The knowledge gap between large corpora of enzymatic chemical reactions data and the human understanding of the structure-activity relationship hinder the ability to predict successful routes14,15,16 when the substrates of interests are not directly associated with an enzyme. Machine learning and data-driven approaches may be useful strategies to capture the hidden patterns in large enzymatic data sets, similar to the proven ability to learn chemical reaction patterns from complex chemistry knowledge collections17. The extraction of chemical reaction rules from large data sets of traditional organic chemistry reactions18 is one of the most successful examples19 of providing transparency and explainability through AI applications in chemistry to date.

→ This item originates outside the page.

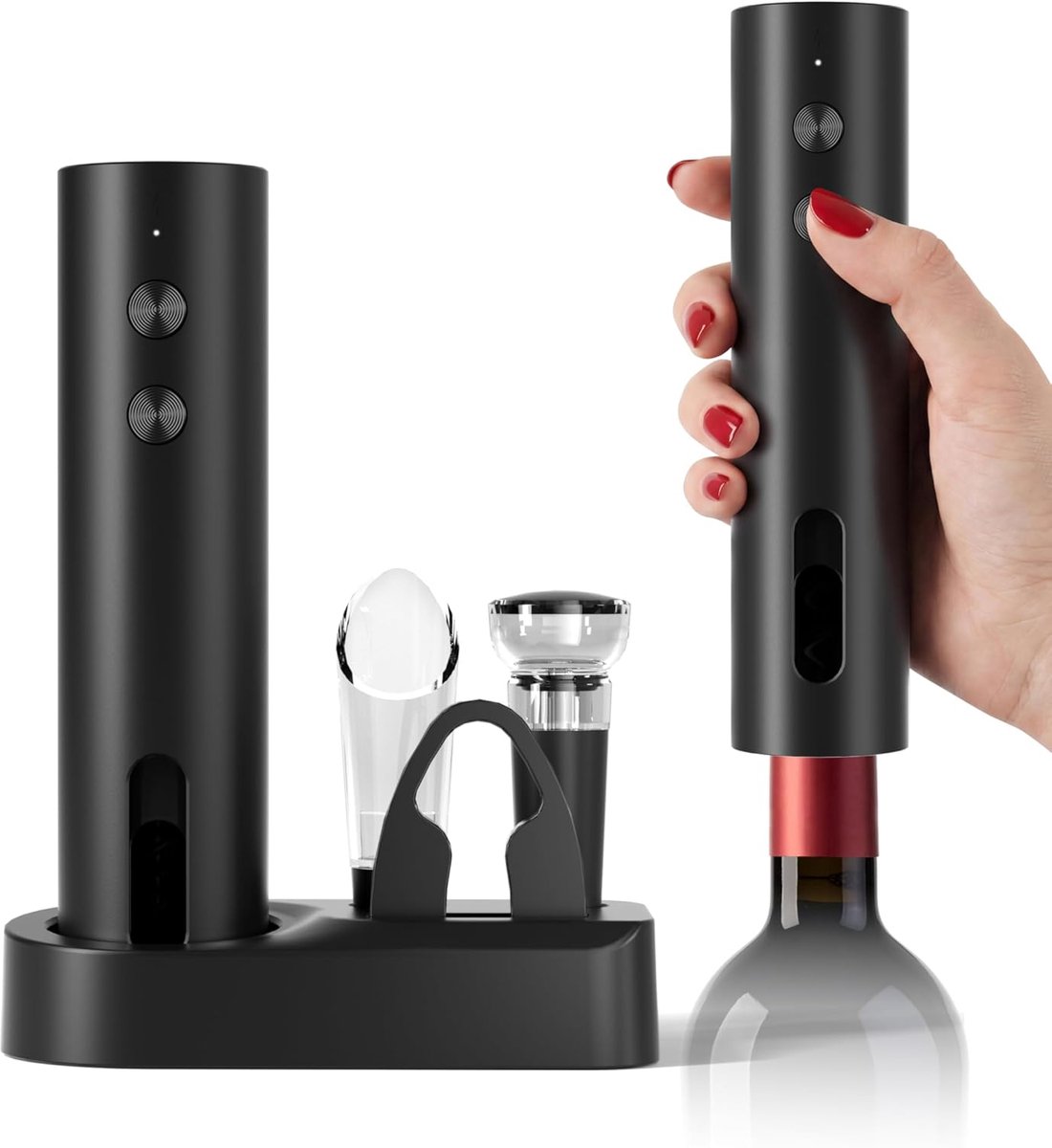 Elektrische wijnopener-kurkentrekker-kurkentrekker wijn-elektrische kurkentrekker-Oplaadbare 5-in-1 elektrische flesopenerset - Perfect voor thuisbars, feestjes en huwelijksgeschenken - Zwart - 22 cm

Despite the impact on traditional synthetic organic chemistry, computer-aided synthesis planning tools using biocatalytic reactions are in the early days of their development. Currently, only rule-based methods for predicting biosynthesis pathways have been examined, such as the ATLAS of Biochemistry or RetroRules20,21,22. Lately, RetroBioCat23 became the first chemoinformatic approach for easing the adoption of biocatalytic reactions specifically for chemical synthesis. However, the implementation relies on a set of expertly encoded reaction rules coupled with a system for retrieving database records to enable the use of biocatalysis in synthetic organic chemistry. This use of reaction templates slows down the curation of newly collected data, requiring the intervention of human experts, and suffers from the limitation in capturing the effects on the reaction centre of long-range substituents. Shortly after, Kreutter et al.24 presented a forward reaction prediction model based on the Molecular Transformer25. This approach exploits a multitask transfer learning to train a Molecular Transformer architecture, originally trained with chemical reactions from the US Patent Office (USPTO) data set, with 32,000 enzymatic transformations, each one annotated with the corresponding enzyme name. The enzymatic transformer model predicts the products formed from a given substrate and enzyme in the forward prediction task, reaching an accuracy of 54% when using the enzyme name information only and 62% when using the complete enzyme information as a full sentence (often also including the organism name). The approach addresses some of the concerns around scalability and data curation of reaction templates. However, the use of enzyme names as reaction tokens adds an additional level of challenge when trying to learn chemical reactivity patterns among enzymes with different names but belonging to closely related families. In addition, the lack of a corresponding backward model in this work does not allow for retrosynthetic planning.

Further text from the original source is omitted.